PLACES
TO VISIT WHILST STAYING IN THE CHARENTE-MARITIME, FRANCE::
Angoulême, Charente - The
12th century Cathédrale St-Pierre dominates this thriving
city. The ramparts offer a long bracing walk with views over the
Charente Valley. The Centre National de la Bande Dessinée
et de l'Image has a reference collection of French print and film
cartoons since 1946. Its museum presents cartoon personalities such
as Tintin, Asterix and Snoopy (tel.0545386565). Angoulême
used to be famous for its papermills. The Moulin de Fleurac at Nersac
has a museum and still produces rag paper in the traditional 18th-century
manner.
Aubeterre-sur-Dronne, Charente
- The chief ornament of this pretty village is the weird monolithic
Eglise St-Jean. Dug out of the white chalky cliff that gave the
village its name, some parts of it date back to the 6th century.

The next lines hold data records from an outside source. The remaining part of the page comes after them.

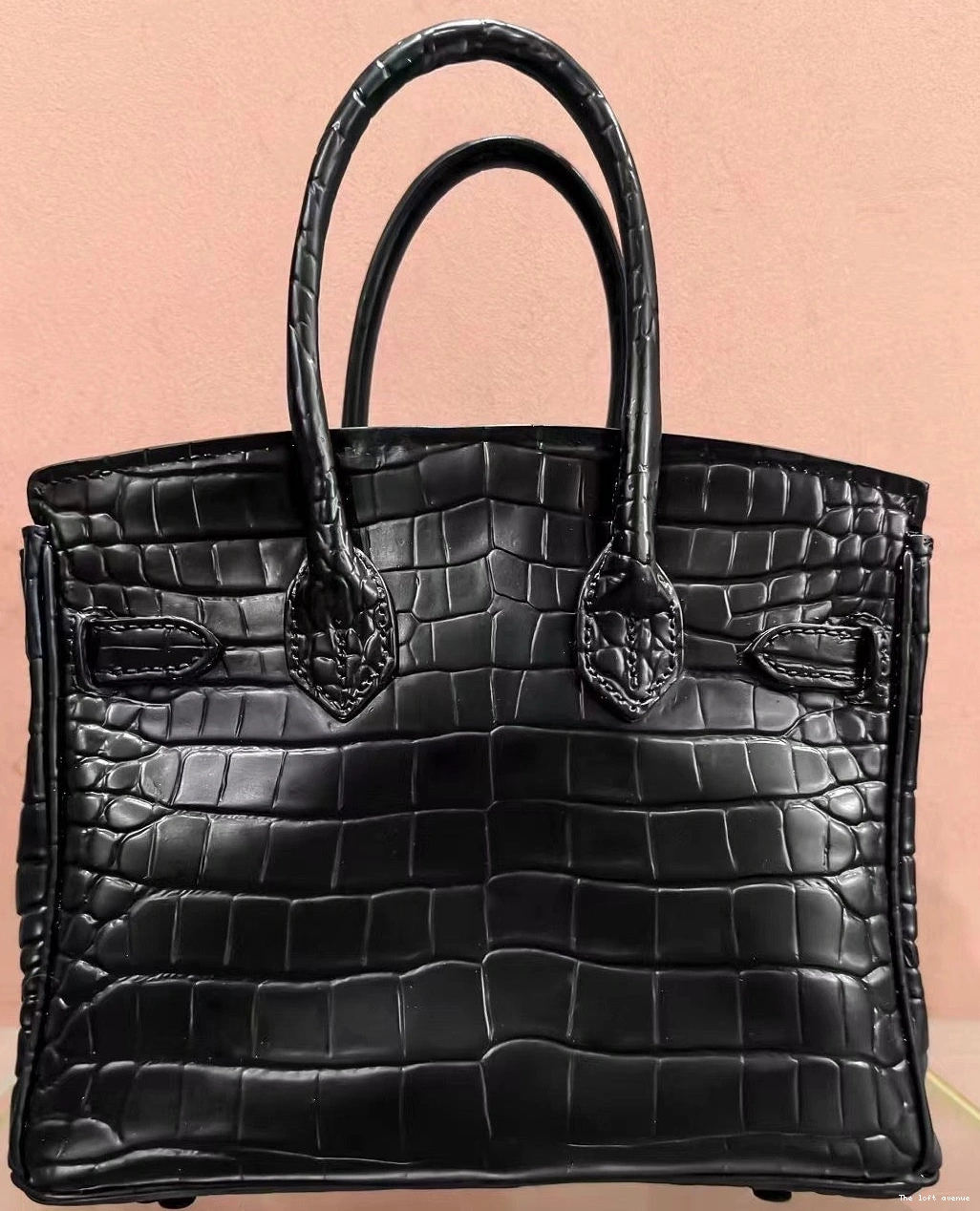 FLOWER BAG VASE BLACK BIRKIN 0815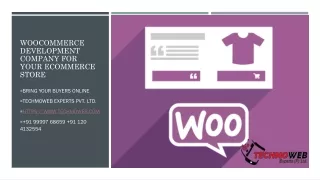 WooCommerce Development Company for Your Ecommerce Store| TechmoWeb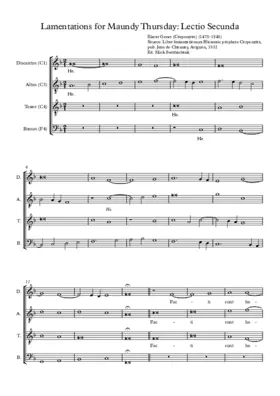 Lamentations for Maundy Thursday, Lesson Two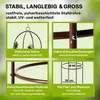 TTL GARDEN Rankhilfe Obelisk L 165x40cm braun – Rankgitter Produktbild-Vorschau 4
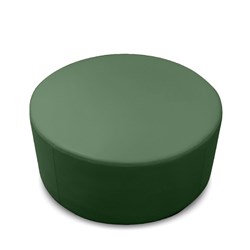 K2 Mawson Junior Round Ottoman Green Pu Leather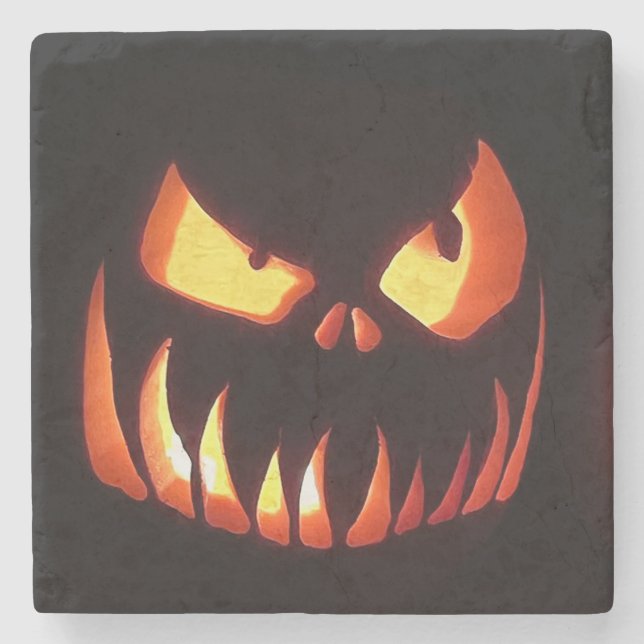 Halloween Pumpkin Stenunderlägg (Framsidan)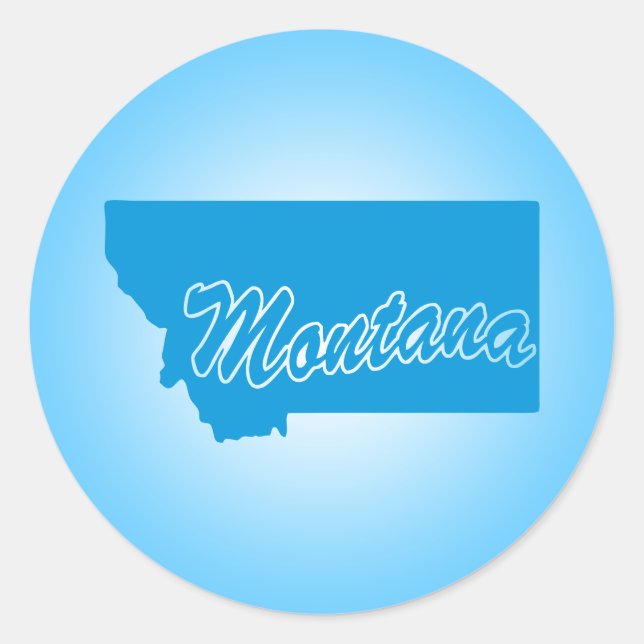 Sticker Rond État du Montana (Devant)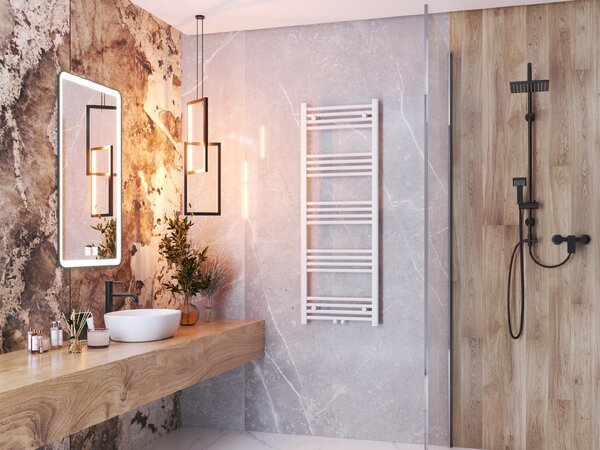 Gamma Erga Simple, topné těleso 1400x500 mm, 551 W, bílá, ERG-LAV-SIMP-14050-WH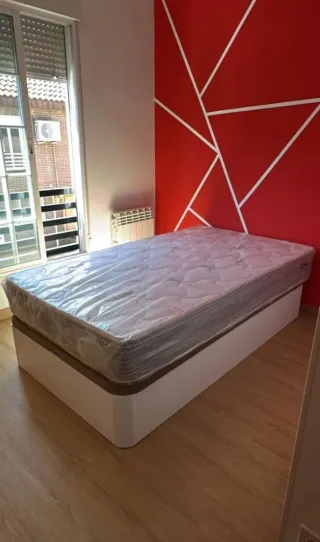 Canapé abatible con colchón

Bordeaux. We highly recommend a
visit to this glorious city. There have been massive recent renovations
and the excellent tram service means you can park your car on the
outskirts and ride into the centre for very little money. The old
city is very rich in architecture, the wealth testimony to a successful
trading history. It is a real joy to walk down some of the smaller
side streets and discover buildings adorned with beautifully crafted
stonework, wrought iron balconies and fabulous old doorways. We
found good quality and reasonably priced restaurants. Built on the
river Garonne, Bordeaux was a major port in pre-Roman times and
for centuries a crossroads of trade. This forward-looking town marked
by a rich history is the fifth largest in France and is centred
around a noble 18th-century core. Along the waterfront of this wealthy
wine metropolis is a long sweep of elegant Classical façades,
first built to mask the medieval slums behind. Adding to the magnificence
is the Esplanade des Quinconces, the Grand Théâtre
and the Place de la Bourse.
Recommended restaurants in Bordeaux:
La Tupina, 6 rue Porte de la Monnaie at www.latupina.com
as recommended by clients who ate there (Jan 06).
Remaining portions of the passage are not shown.